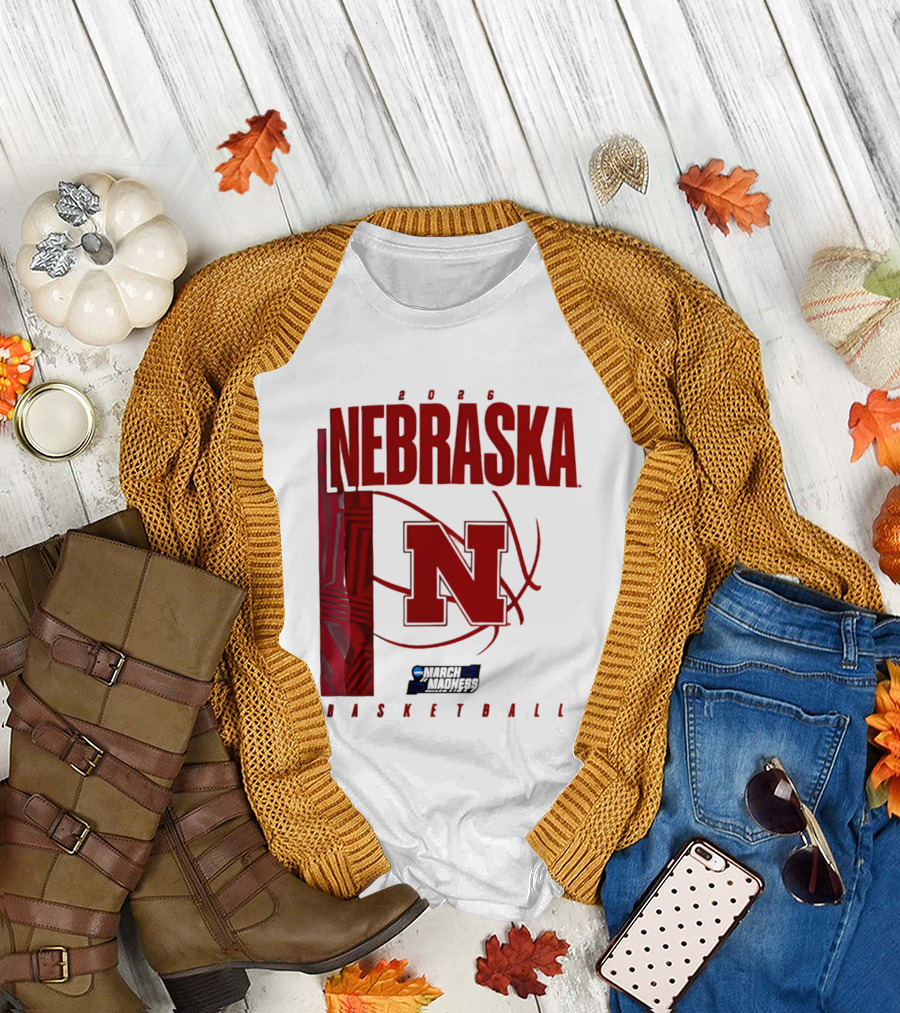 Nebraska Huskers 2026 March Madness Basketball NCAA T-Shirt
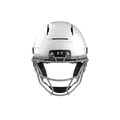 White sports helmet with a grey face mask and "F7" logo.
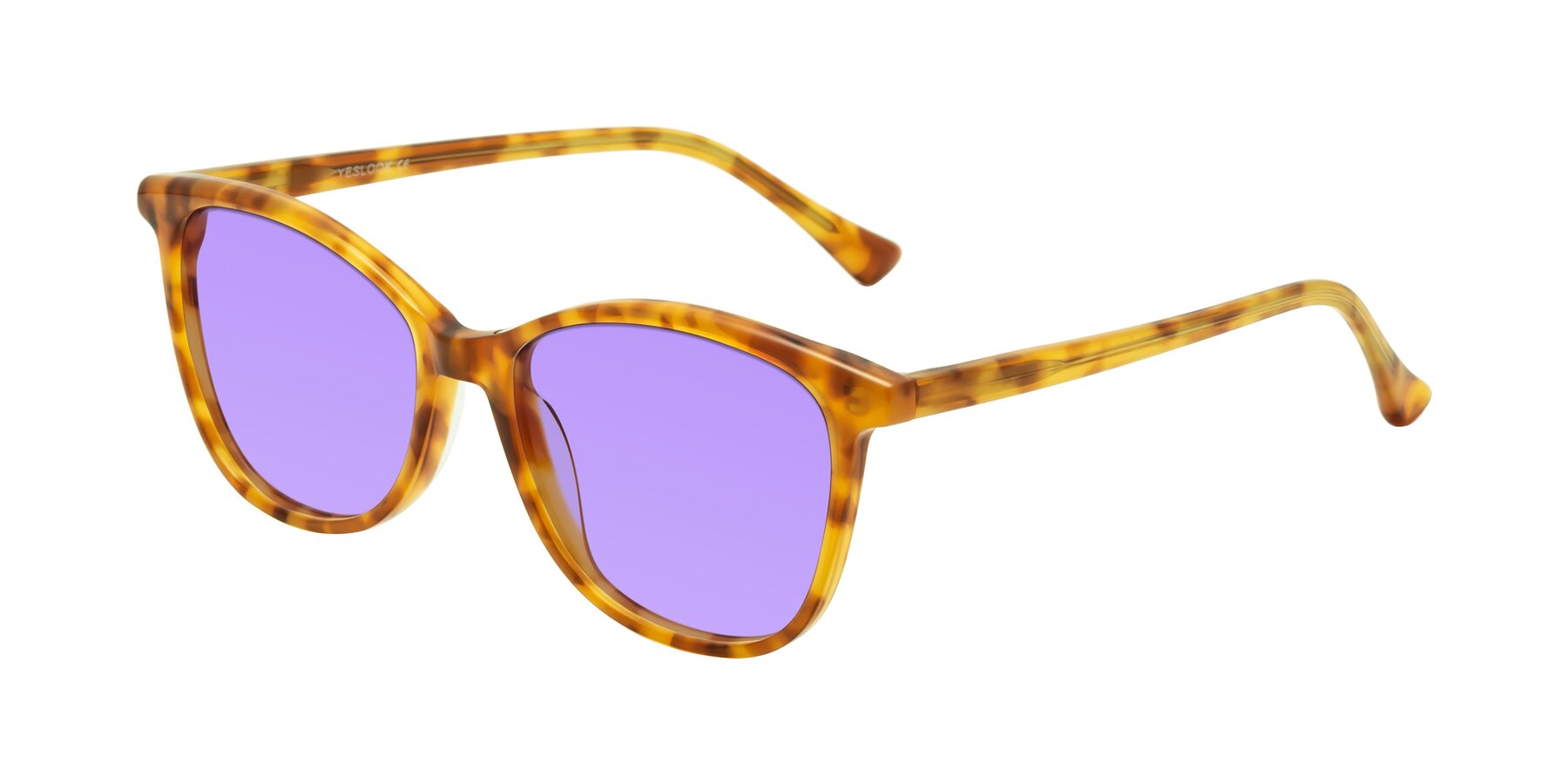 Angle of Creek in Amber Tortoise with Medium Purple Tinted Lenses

——————————

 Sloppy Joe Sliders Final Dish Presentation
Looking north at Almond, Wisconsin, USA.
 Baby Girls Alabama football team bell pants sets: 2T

——————————

= To do =
Look above for the line with "Nebraska Huskers 2026" and the line with "Angle of Creek". Copy them and every line between, exactly, but no pictures.

= Exercise response =
 Nebraska Huskers 2026 March Madness Basketball NCAA T-Shirt
 White sports helmet with a grey face mask and "F7" logo.
 Angle of Creek in Amber Tortoise with Medium Purple Tinted Lenses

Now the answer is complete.